(Data supplied Opens)
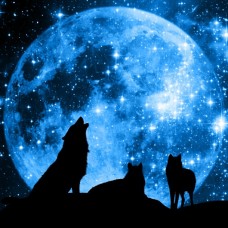 Wolf Super Moon Essential Oil Blend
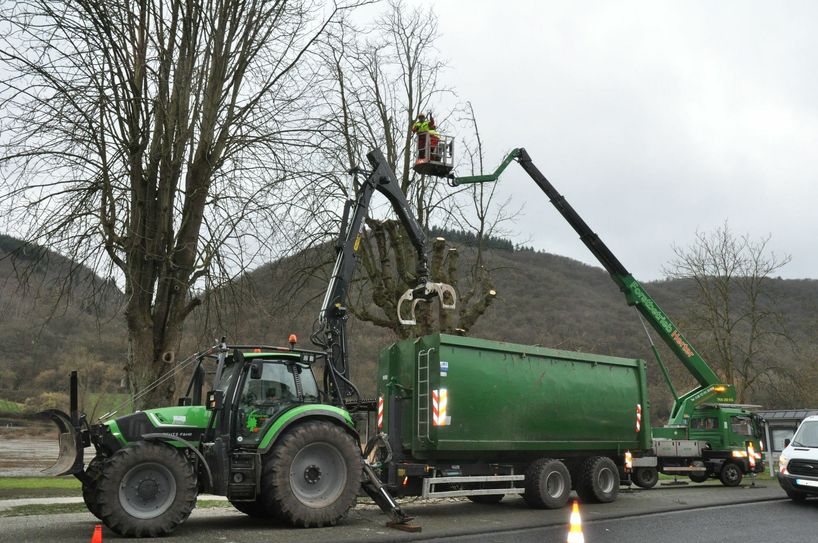 Die Fällarbeiten wurden vom Treiser Fachbetrieb Herter ausgeführt.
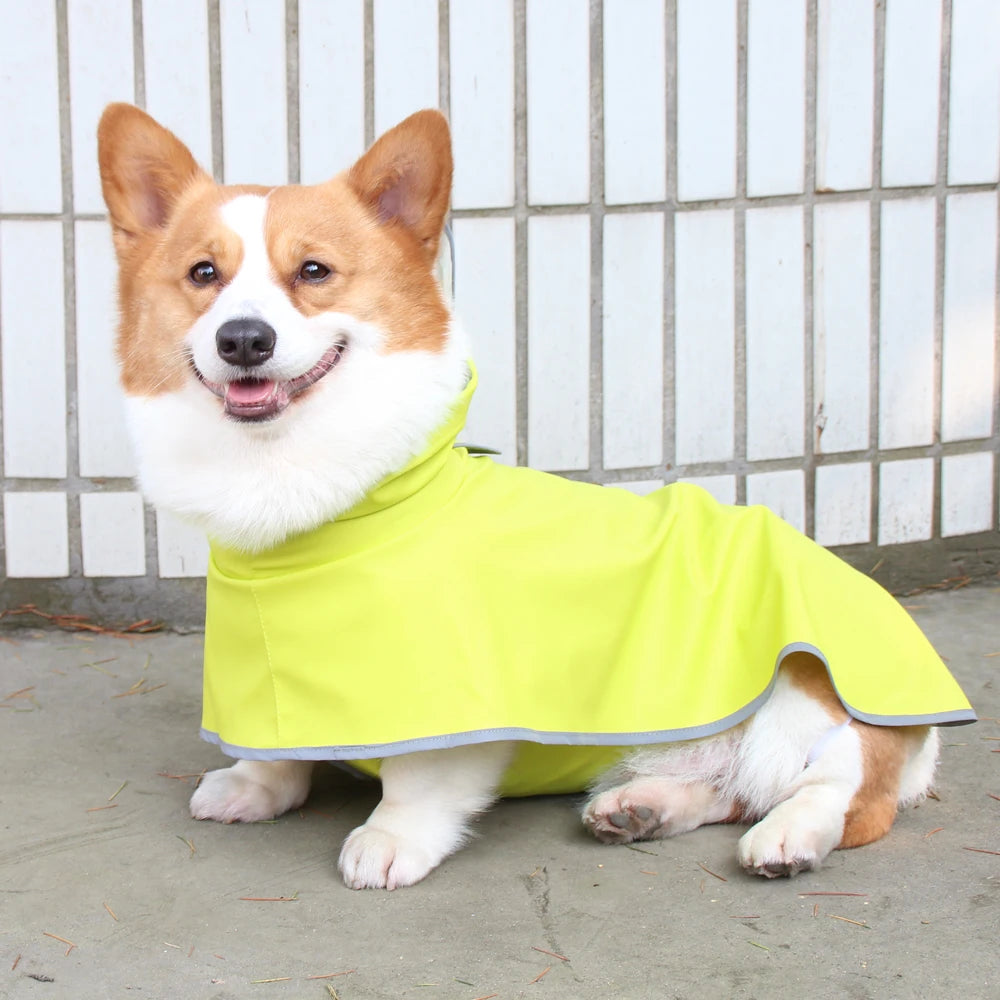 Chubasquero Verde Fluorescente con Capucha para Perros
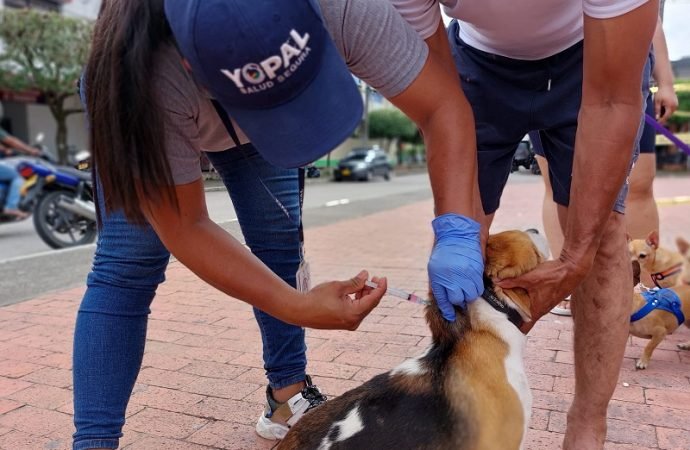 Más de 19 mil mascotas han sido vacunados contra la rabia durante en Yopal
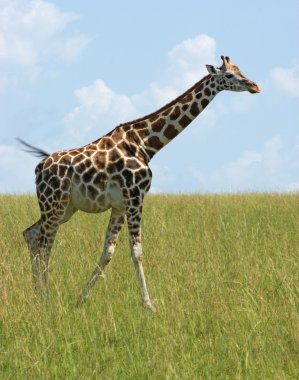 Giraffe in Uganda clipart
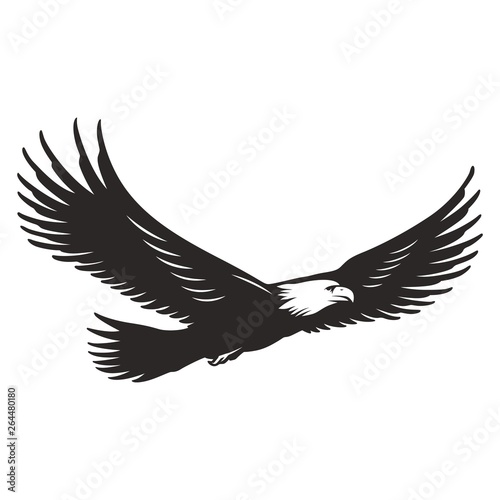 Photo Monochrome flying eagle template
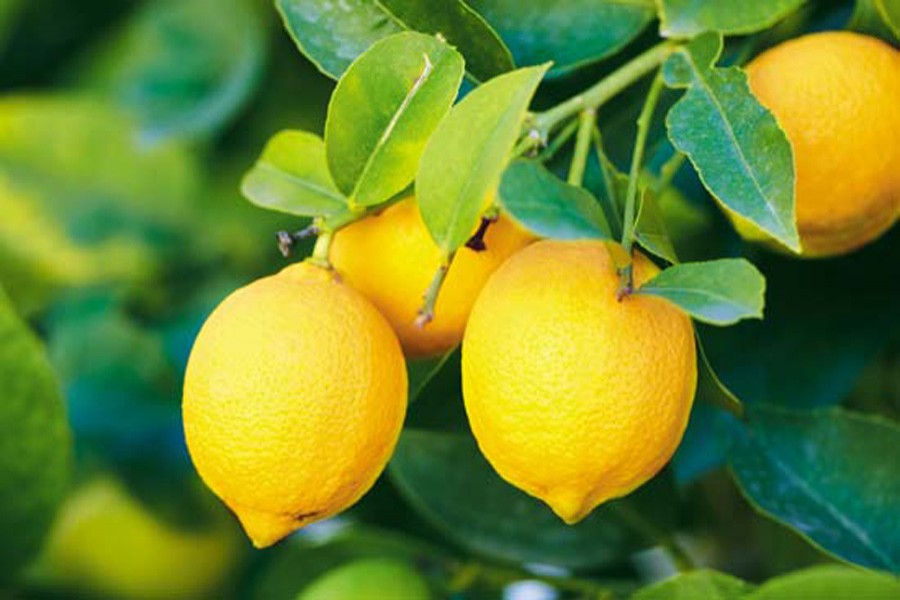 Rangpur farmers show more  interest in lemon farming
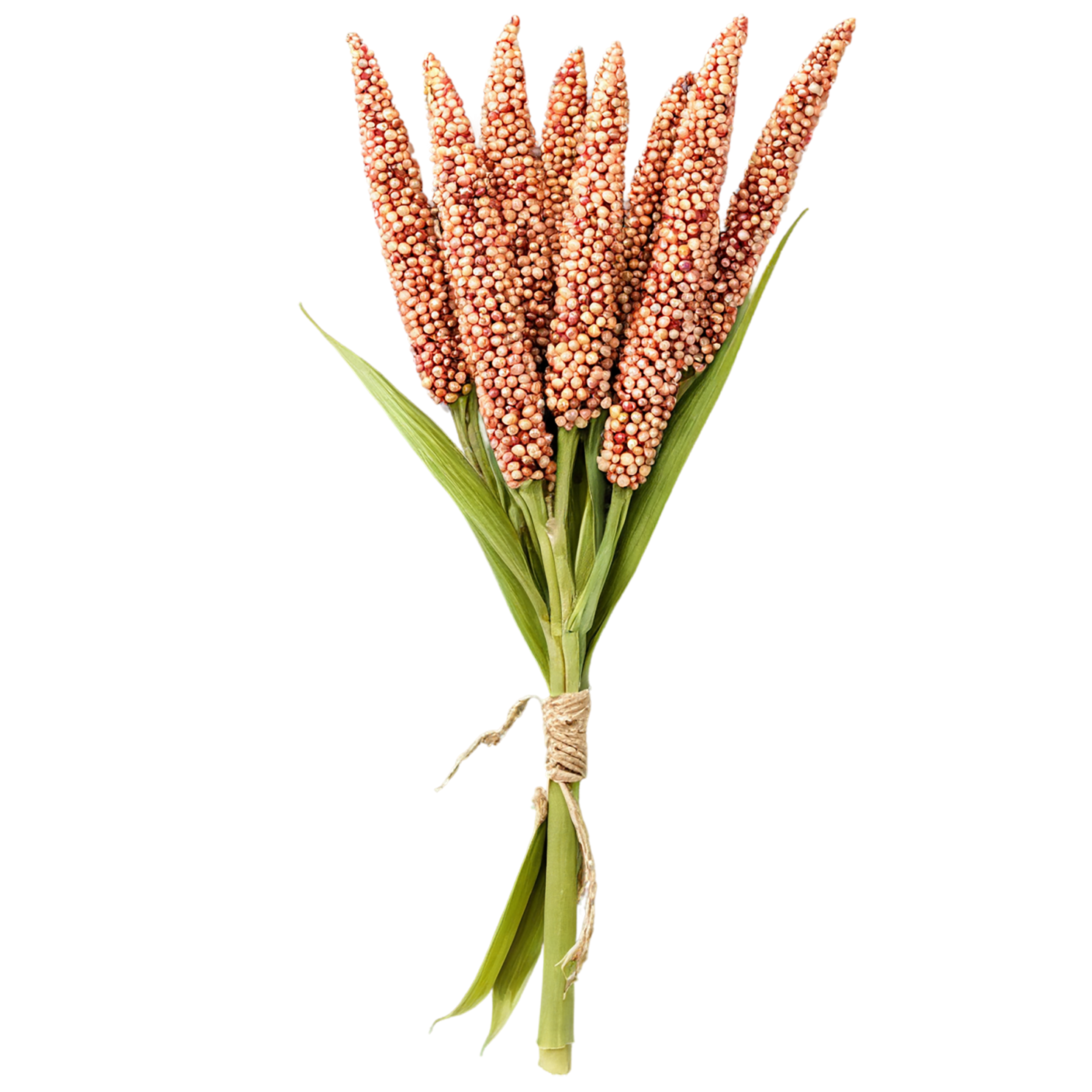 Sorghum grains isolated on transparent background #5619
(Data supplied Closes)
Task description: Starting at the line with "Chubasquero Verde Fluorescente", write out every line exactly through the final line of the records above, both included, and skip the pictures.

Output for this task:
 Chubasquero Verde Fluorescente con Capucha para Perros
 Más de 19 mil mascotas han sido vacunados contra la rabia durante en Yopal
 Giraffe in Uganda clipart
 Photo Monochrome flying eagle template
 Rangpur farmers show more  interest in lemon farming
 Sorghum grains isolated on transparent background #5619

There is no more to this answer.